PROVIDED DATA

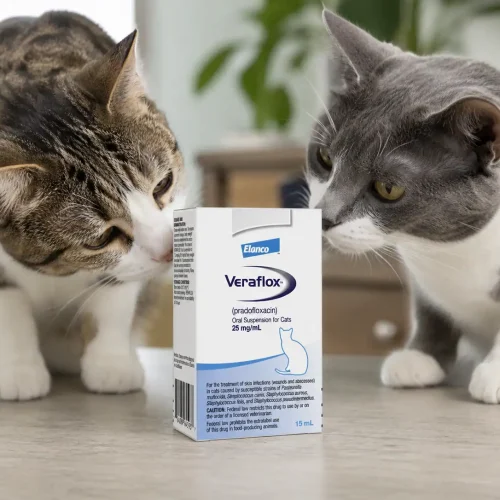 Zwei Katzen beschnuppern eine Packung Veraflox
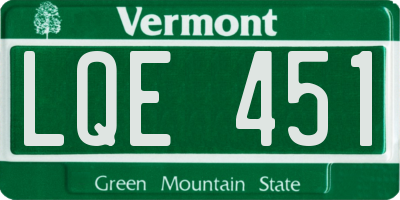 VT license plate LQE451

* * *

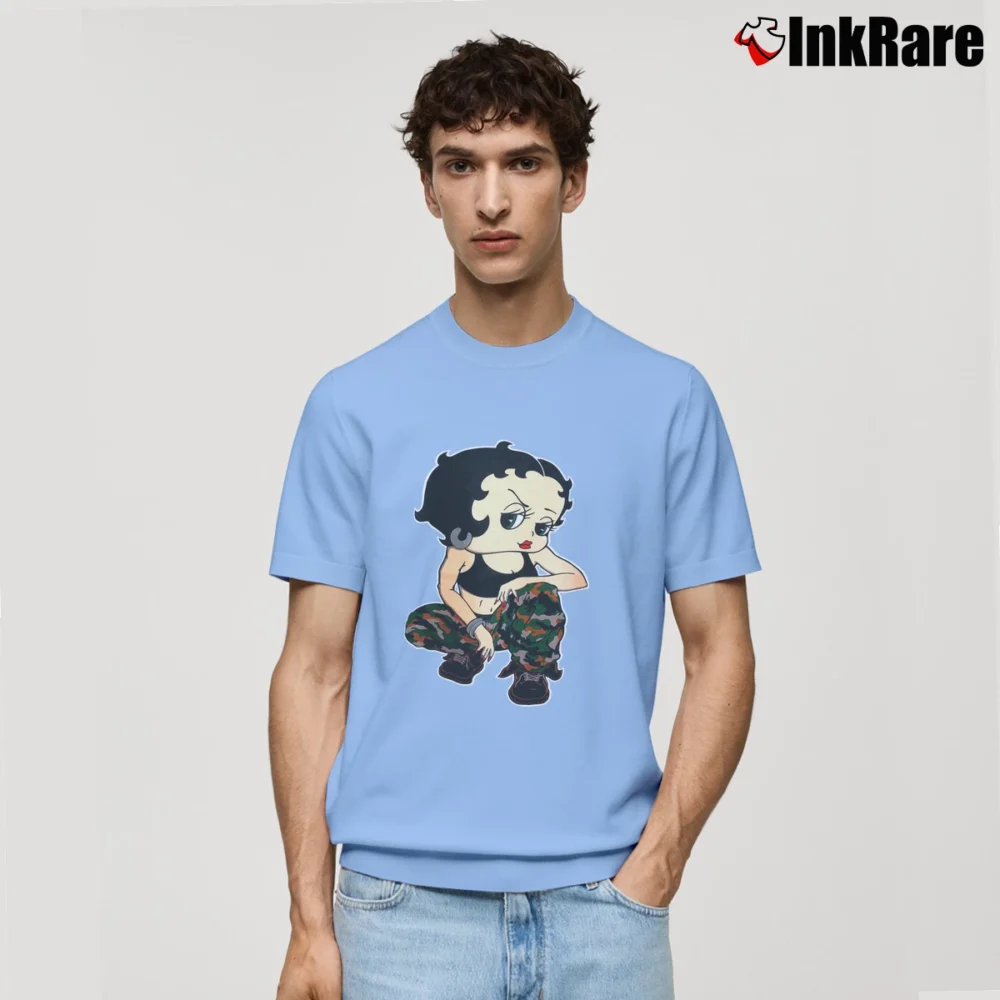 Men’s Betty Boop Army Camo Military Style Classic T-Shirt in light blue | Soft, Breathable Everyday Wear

WORK INSTRUCTIONS
Since the pictures are not part of the copy, please transcribe only the lines above from the one with "Zwei Katzen beschnuppern" through the one with "VT license plate LQE451", exactly and with both ends.

RESULT
 Zwei Katzen beschnuppern eine Packung Veraflox
 VT license plate LQE451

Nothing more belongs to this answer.